Ça te fait triper, hein, Bach Film, d'avoir inventé le 4/3 recadré ? Pas con, comme idée. Et d'avoir aucun technicien capable de s'en apercevoir, juste pour le fun ? Bref, je me suis reporté sur un divX moyen, dont j'ai pas compris d'où venait la musique - il y a une partition d'époque, mais il me semble que les bandes-sonores étaient perdues. Dans le doute, j'ai vu tout ça muet (et ça marche très bien comme ça).
"Il y avait une mère qui avait trois enfants"Ça commence comme une fable. Presque comme une comptine ou un poème, avec ses petits couplets alignés.
Cette structure, géniale, qui confronte de petites séquences indépendantes (chacune un peu à distance des évènements, en recroisant de temps à autre la route des personnages principaux - un peu à la façon
Inglorious Basterds en fait), est un ravissement.

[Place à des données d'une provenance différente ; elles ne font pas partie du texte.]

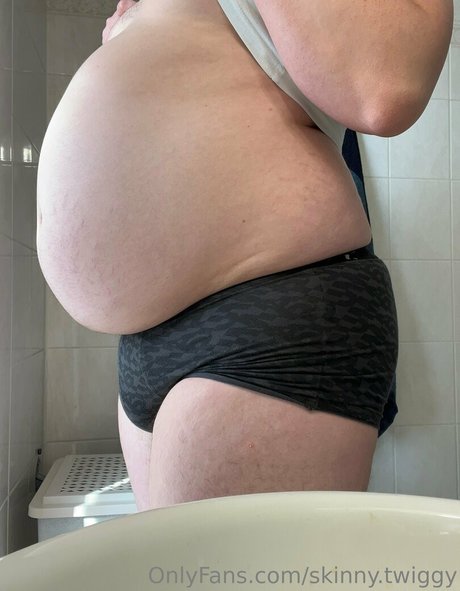 Naken lekkede OnlyFans-bilde av Skinnytwiggy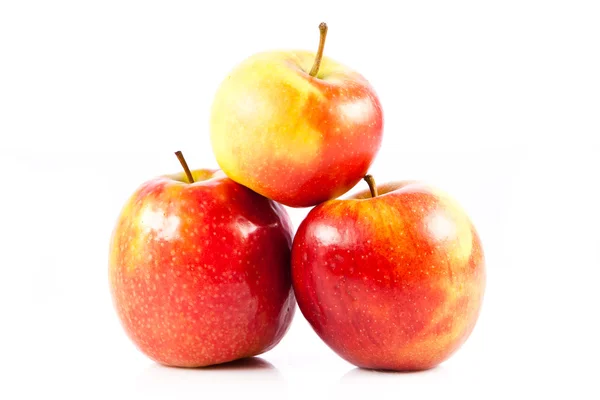 Pommes rouges isolées sur fond blanc — Photo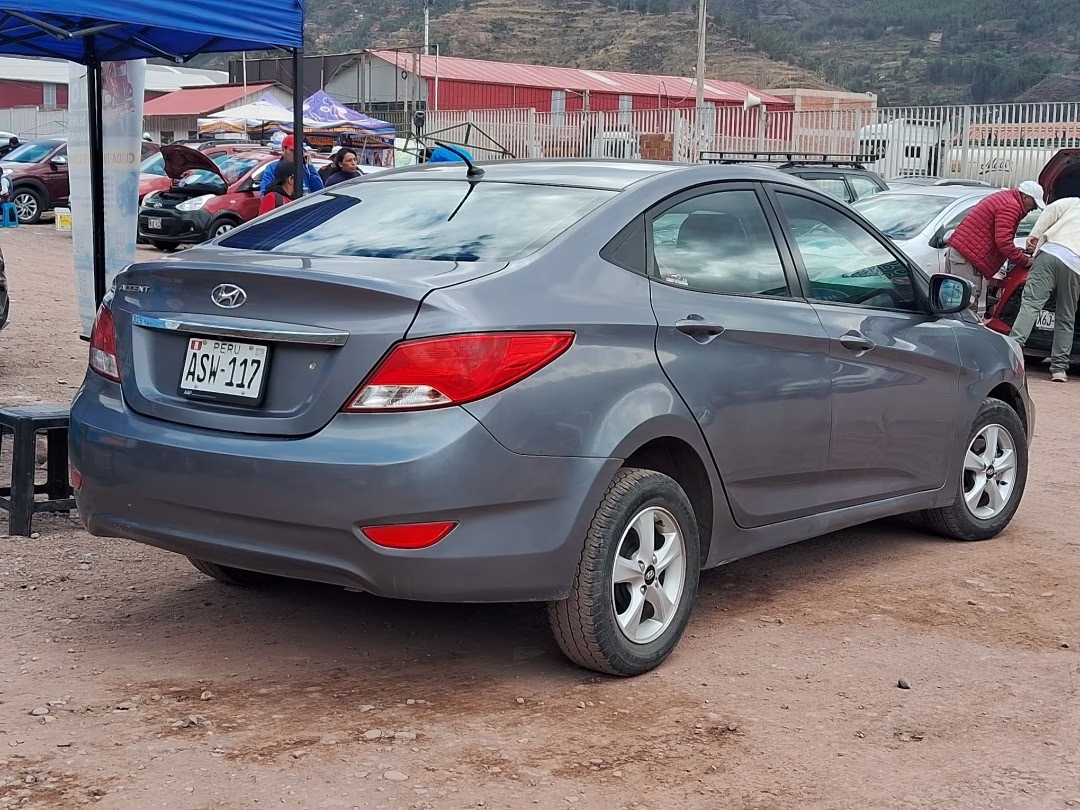 HYUNDAI ACCENT FULL MOD 2016 — foto 3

Les atmosphères et les images hétéroclites se cognent : une scène où tout une ville angoissée écoute le silence avant l'attaque ; une scène où la tombe déjà toute prête dans la neige attend son mort ; une scène d'un train volé qui devient incontrôlable... Chacune avec sa petite musique personnelle, son ton et sa couleur particulière, apportant sa pierre à l'édifice général d'un patchwork qui dessine, par bribes, une idée de ce qu'a pu être la révolution.

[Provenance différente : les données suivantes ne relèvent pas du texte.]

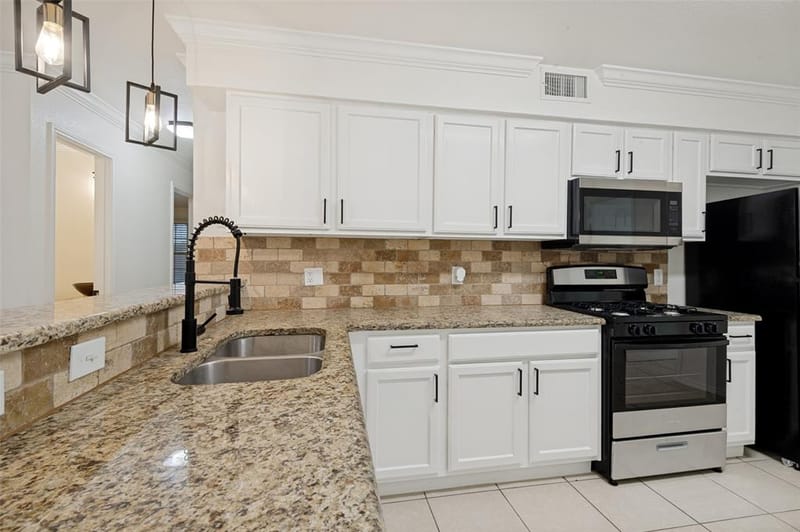 1004 Bridges Drive, Arlington TX 76012 - Photo 12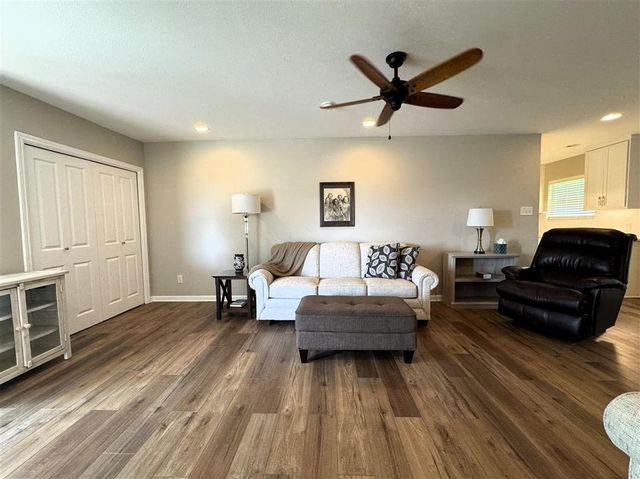 405 McKinley Street, Westlake, LA 70669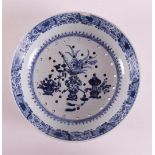 A blue and white porcelain trivet without saucer, China, Qianlong, 18th century. Blue underglaze
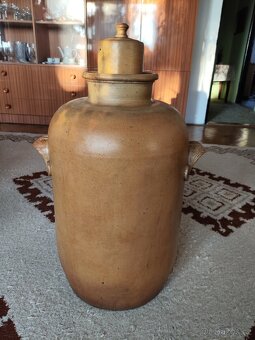 Vzácná hliněná nádoba na víno o objemu cca 60l - 5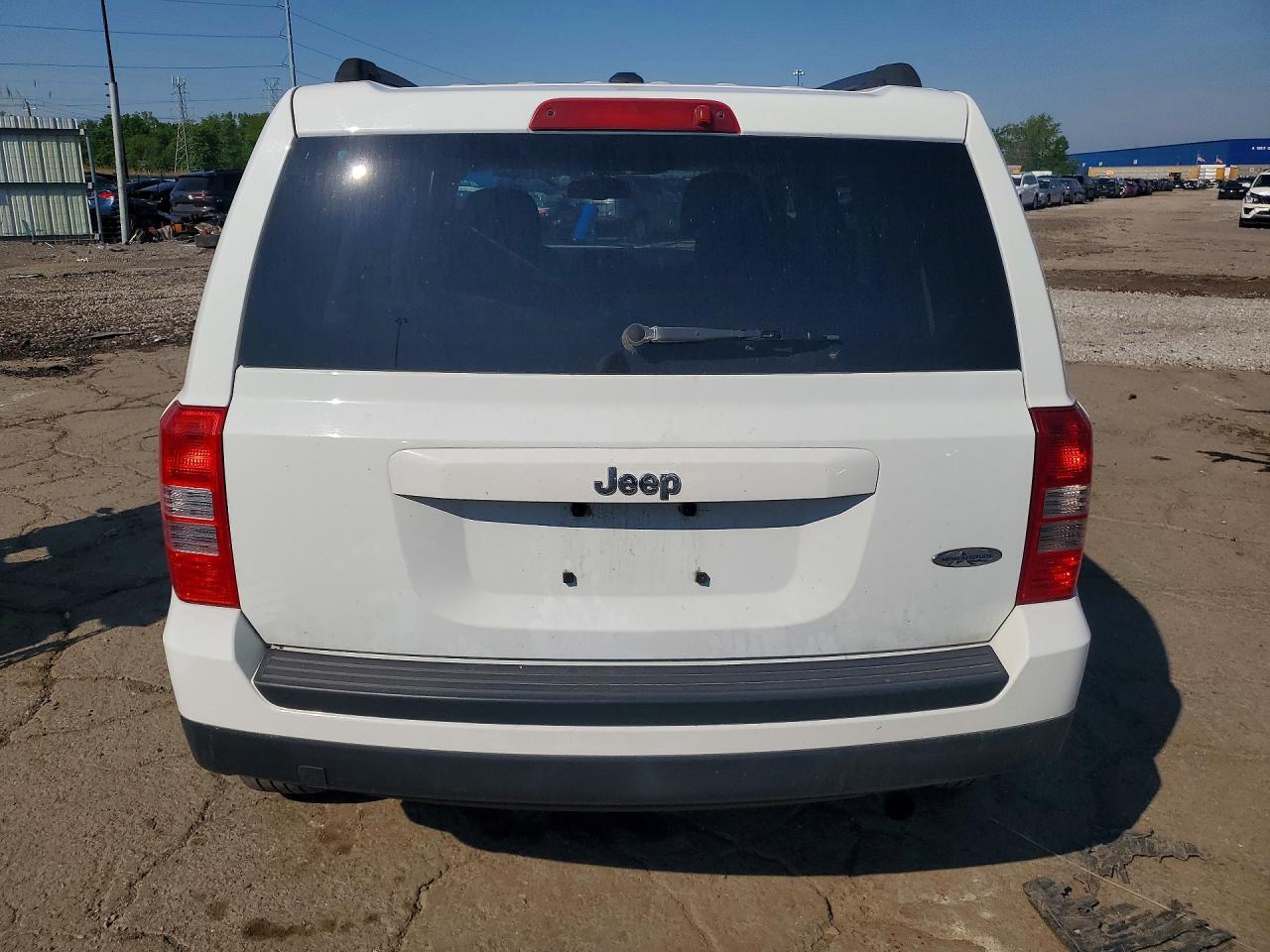 2015 Jeep Patriot Latitude White vin: 1C4NJPFA4FD429638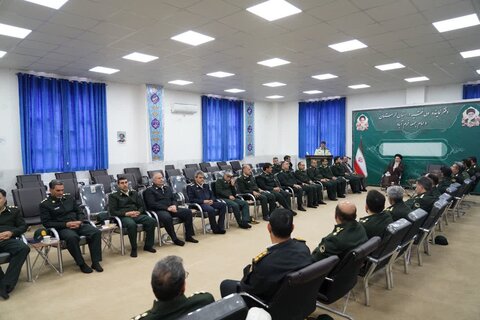 تصاویر دیدار جمعی از کارکنان فراجا لرستان با نماینده ولی فقیه در استان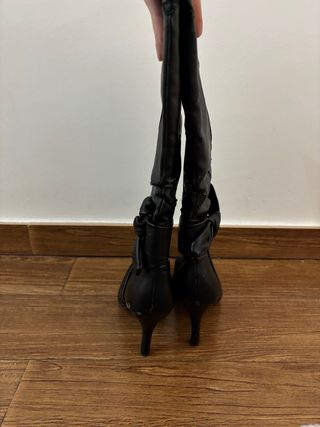 Botas altas negras con tacón y lazo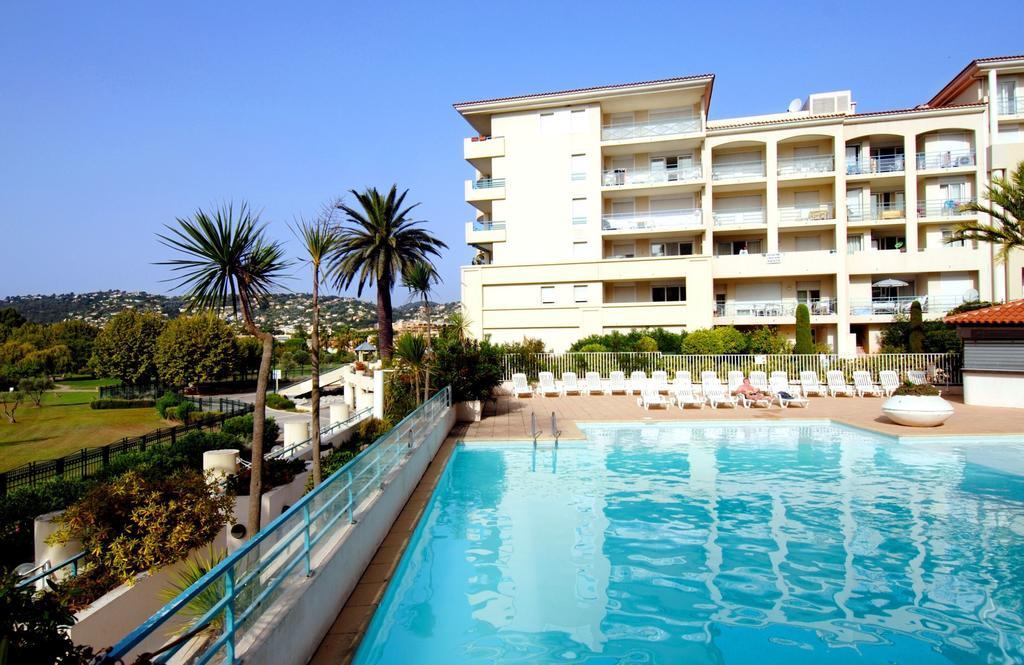 Résidence Odalys Les Pins Bleus Juan-les-Pins Extérieur photo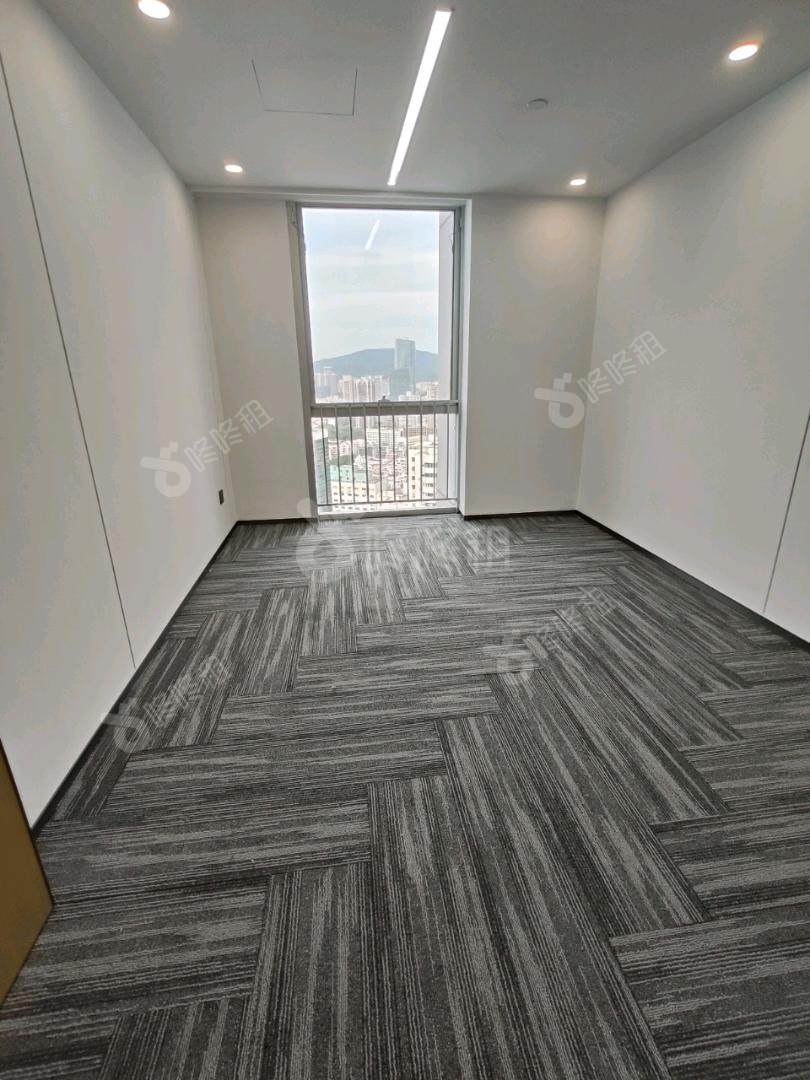 保利克洛维_228平_精装_办公室隔间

Le film se perd un peu à mon goût dans sa partie centrale, qui devient soudain un peu plus linéaire, plus platounette. Évidemment, à l'inverse, les parties les plus libres associant des images sans lien direct, avec l'atmosphère du moment pour seul fil rouge (notamment quand on se rapproche du début ou de la fin, très abstraits) laissent parfois sur le côté : ce qui s'est passé exactement ici, ce dont on nous parlait précisément là, c'est pas toujours extrêmement clair. Mais c'est vraiment pas grave... Le tout fonctionne un peu à la manière de certaines bandes-annonces actuelles, qui mélangent les images comme elles veulent pour créer narration et émotion, dans une sorte de fluidité constante. Ça coule vraiment tout seul.

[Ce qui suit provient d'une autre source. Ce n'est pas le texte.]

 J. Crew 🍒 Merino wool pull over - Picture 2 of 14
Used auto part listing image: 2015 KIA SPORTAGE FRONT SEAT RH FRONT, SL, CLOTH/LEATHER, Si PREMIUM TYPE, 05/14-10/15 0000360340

Et puis il y a l'intelligence de faire un petit film d'à peine 1h10, qui a pas le temps de s'épancher, et qui malgré ses segments très variés a aussi une dynamique très pure, comme un coup de poing, qui s'enfonce tout droit vers les dernières scènes nocturnes sanglantes, enfer noir aux grandes ombres fantomatiques. J'avais très peur de découvrir un espèce de brouillon à
La Terre, mais
Arsenal a vraiment sa singularité, son propre rythme, sa poésie violente (la fin, superbe idée), et il existe tout à fait indépendamment du chef-d'œuvre d'à côté qui pourrait lui faire de l'ombre.
D'ailleurs, comme dans
La terre, c'est un peu la foire aux plans iconiques :
Des scènes qui ressortent bien aussi. Une exécution, notamment, que j'ai juste jamais vu filmée comme ça au cinéma, tout en calme et en douceur (un truc très subtil avec le hors-champ, que je saurais pas trop expliquer : une série d'allers et venues, qui joue aussi sur l'absence du son du tir, c'est remarquable).
Et donc aussi des défauts, au-delà de la partie centrale : certaines scènes au lyrisme un peu préfabriqué (l'amour du bolchévisme a bon dos, parfois), les bourgeois phobiques expédiés (pas que je les voudrais forcément nuancés, mais là c'est juste une série de trognes un peu convenue), des
idées-de-montage ostentatoires qui jurent avec l'aisance de l'ensemble (je pense au coup enfants/chevaux battus)... Ça pèse pas gros face à un film aussi généreux, inventif, alerte, qui envoie 120 idées à la minutes tout en se payant le luxe d'être cohérent et tout bêtement beau.